Greg Dortch (born May 29, 1998) is an American football wide receiver for the Arizona Cardinals of the National Football League (NFL). He played college football at Wake Forest.

Early years
Dortch attended Highland Springs High School in Highland Springs, Virginia. He committed to Wake Forest University to play college football.

College career
Dortch redshirted his first year at Wake Forest in 2016. As a redshirt freshman in 2017, he played in eight games and had 53 receptions for 722 yards and nine touchdowns. As a redshirt sophomore in 2018, he had 89 receptions for 1,078 yards and eight touchdowns. He was named an All-American as a return specialist after recording two punt return touchdowns. After the season, Dortch decided to forgo the remaining two years of eligibility to pursue a career in the NFL.

Collegiate statistics

Professional career

New York Jets
Following the conclusion of the 2019 NFL Draft, Dortch signed with the New York Jets as an undrafted free agent. He was waived on September 1, 2019, and was re-signed to the practice squad.

Carolina Panthers
On October 16, 2019, the Carolina Panthers signed Dortch off the Jets practice squad to their active roster. He made his NFL debut in Week 9 against the Tennessee Titans. He was waived on November 11, 2019, and re-signed to the practice squad two days later. He was promoted to the active roster on December 6, 2019, but was waived four days later.

Los Angeles Rams
On December 12, 2019, Dortch was signed to the Los Angeles Rams practice squad. He signed a reserve/future contract with the Rams on December 31, 2019. He was waived on July 25, 2020.

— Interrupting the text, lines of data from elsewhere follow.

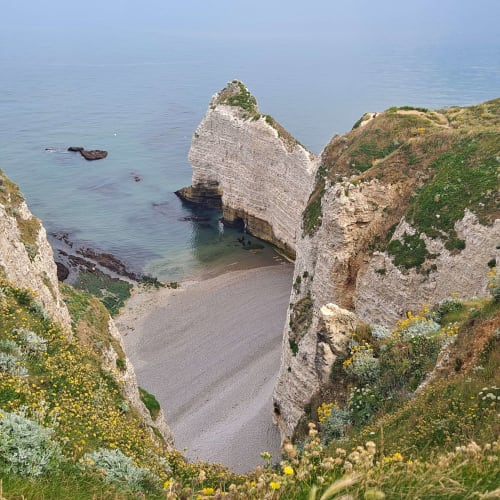 Wandern auf den Klippen von Etretat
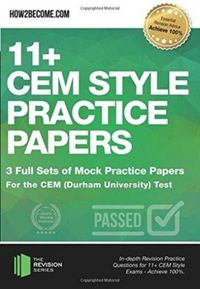 Produktbild: 11+ CEM Style Practice Papers: 3 Full Sets of Mock Practice Papers for the CEM (Durham University) Test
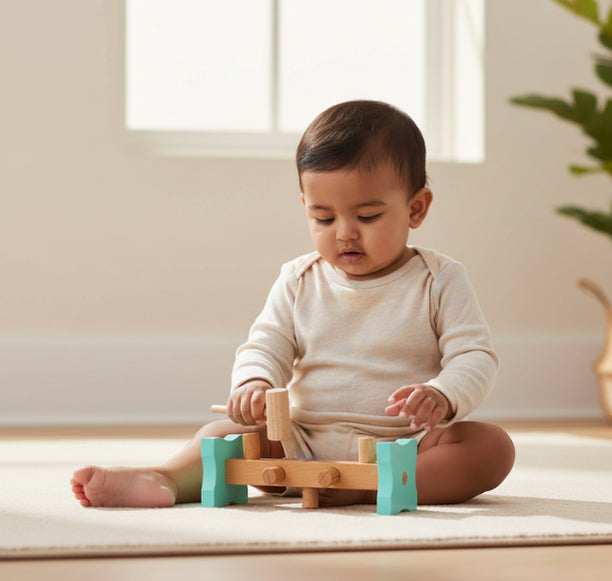 Buy Knock Knock Hammer Toy for Strength and Fine Motor Online - Lillbud 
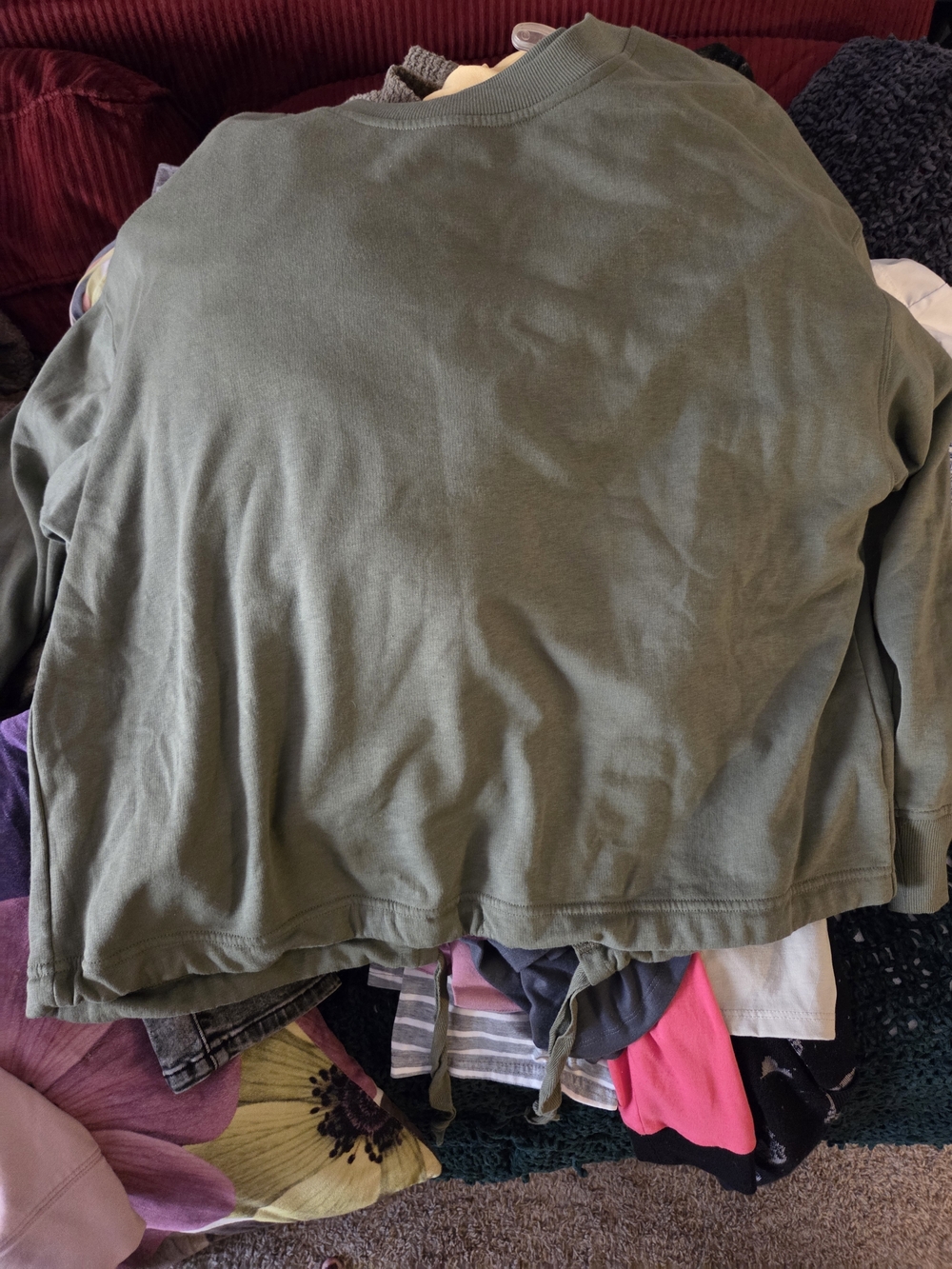 Old Navy Olive Green Pullover Sweatshirt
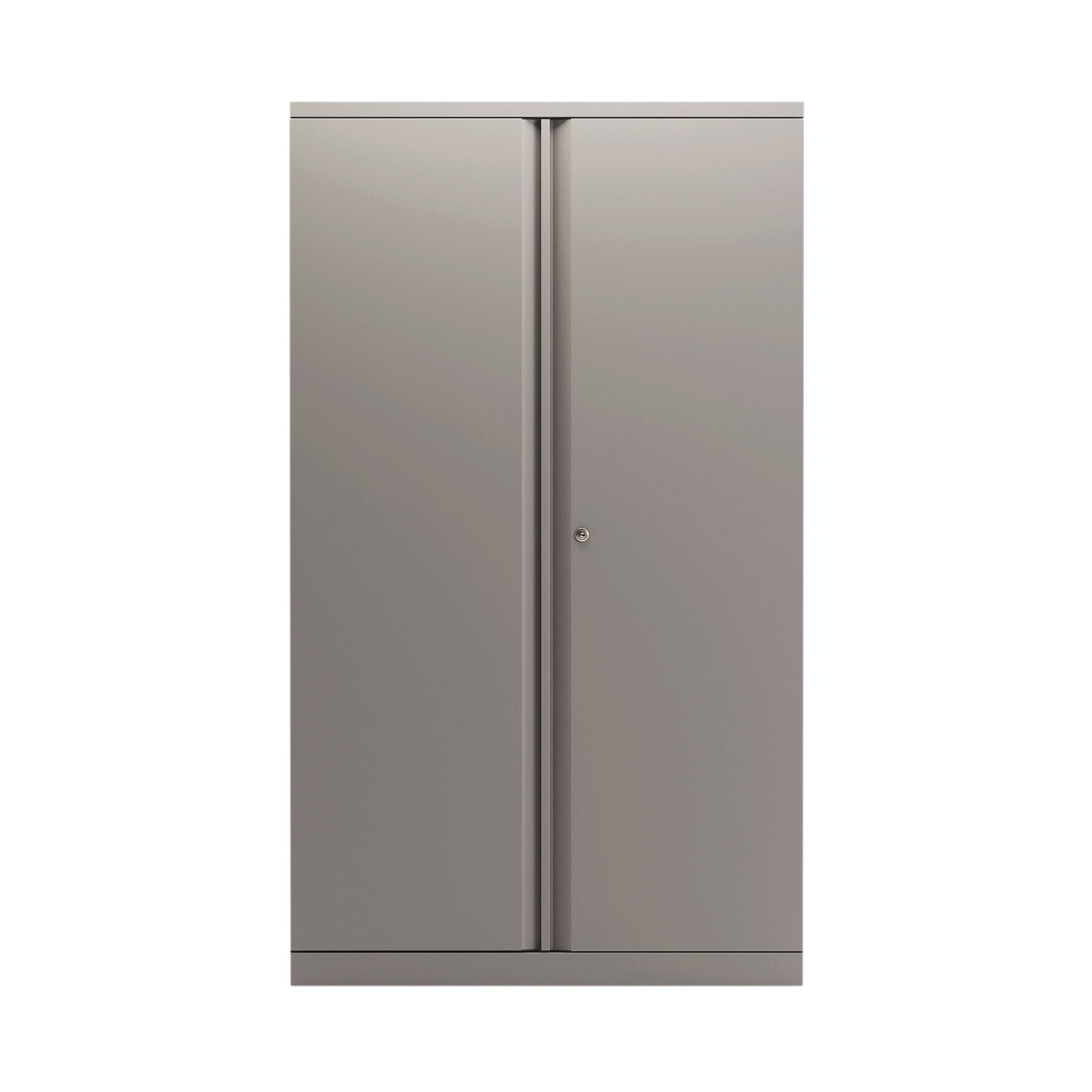 Bisley 2 Door Cupboard Empty 935x480x1575mm Goose Grey Kf78712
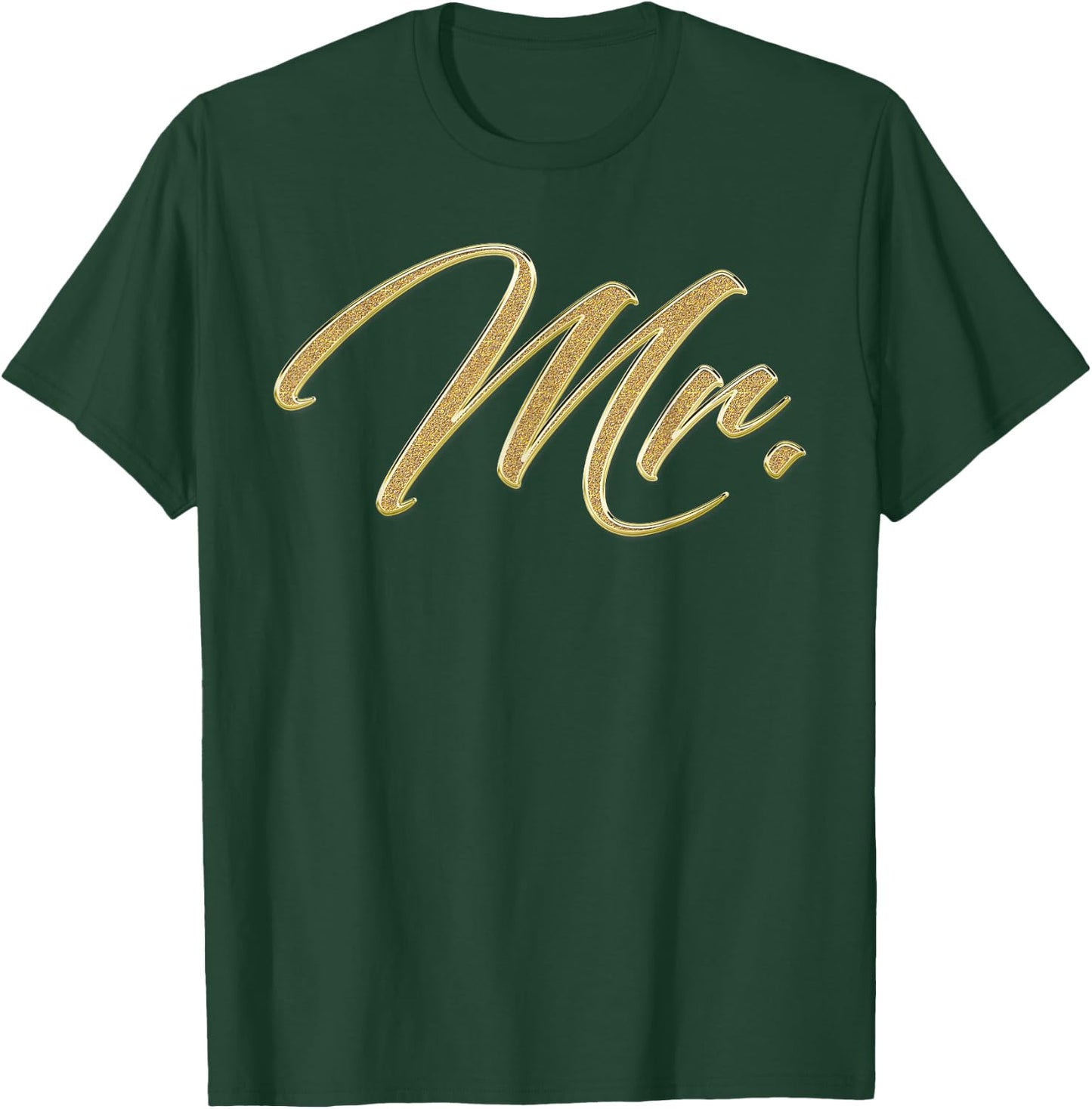 Mr. Matching Couple Wedding , Gold T-Shirt - T-Shirt | Forest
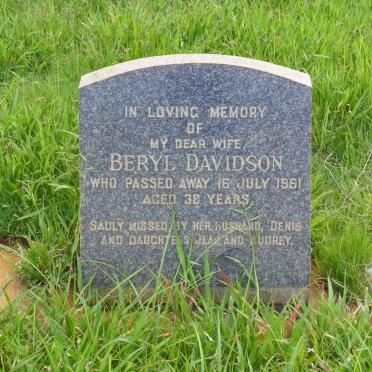 DAVIDSON Beryl -1961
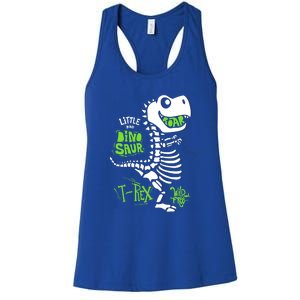 Wild And Free TRex Dinosaur Skeleton Funny Dinosaurs Cool Gift Women's Racerback Tank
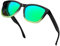 KANASTAL Green Sunglasses Mens Mirrored Polarised Tinted Womens Ladies Mirror Square Retro Vintage Fashion Travel Outdoor Summer UV400 Protection - Black Frame Green Lens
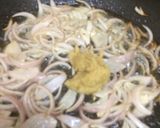 A picture of step 4 of Kerala style mutton curry.
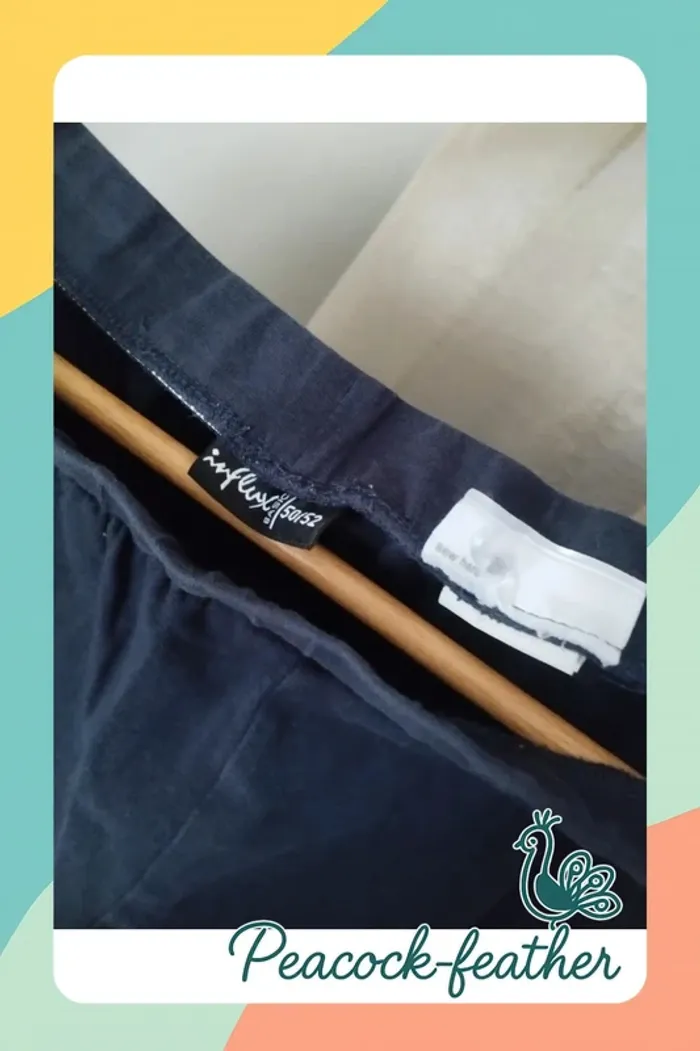Legging 50/52 bleu marine - photo numéro 3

Dortch visited the Tampa Bay Buccaneers on August 23, 2020.

Atlanta Falcons
On December 28, 2020, Dortch was signed to the Atlanta Falcons' practice squad. He signed a reserve/future contract on January 4, 2021. He was waived on June 17, 2021.

Arizona Cardinals
On August 3, 2021, Dortch signed with the Arizona Cardinals. He was waived on August 31, 2021, and re-signed to the practice squad the next day. He was promoted to the active roster on December 25. He finished the year with three receptions for 15 yards, in five appearances and two starts.

Due to injuries, Dortch began the 2022 season as a starter for the Arizona Cardinals. In the first game of the year against the Kansas City Chiefs, he recorded seven catches for 63 yards in the 44–21 loss. In the following game, a 29–23 overtime victory over the Las Vegas Raiders, he scored his first professional touchdown on a five-yard reception from Kyler Murray. In Week 11, against the San Francisco 49ers, he had nine receptions for 103 receiving yards in the 38–10 loss. In the 2022 season, he appeared in 16 games, of which he started four. He finished with 52 receptions for 467 receiving yards and two receiving touchdowns.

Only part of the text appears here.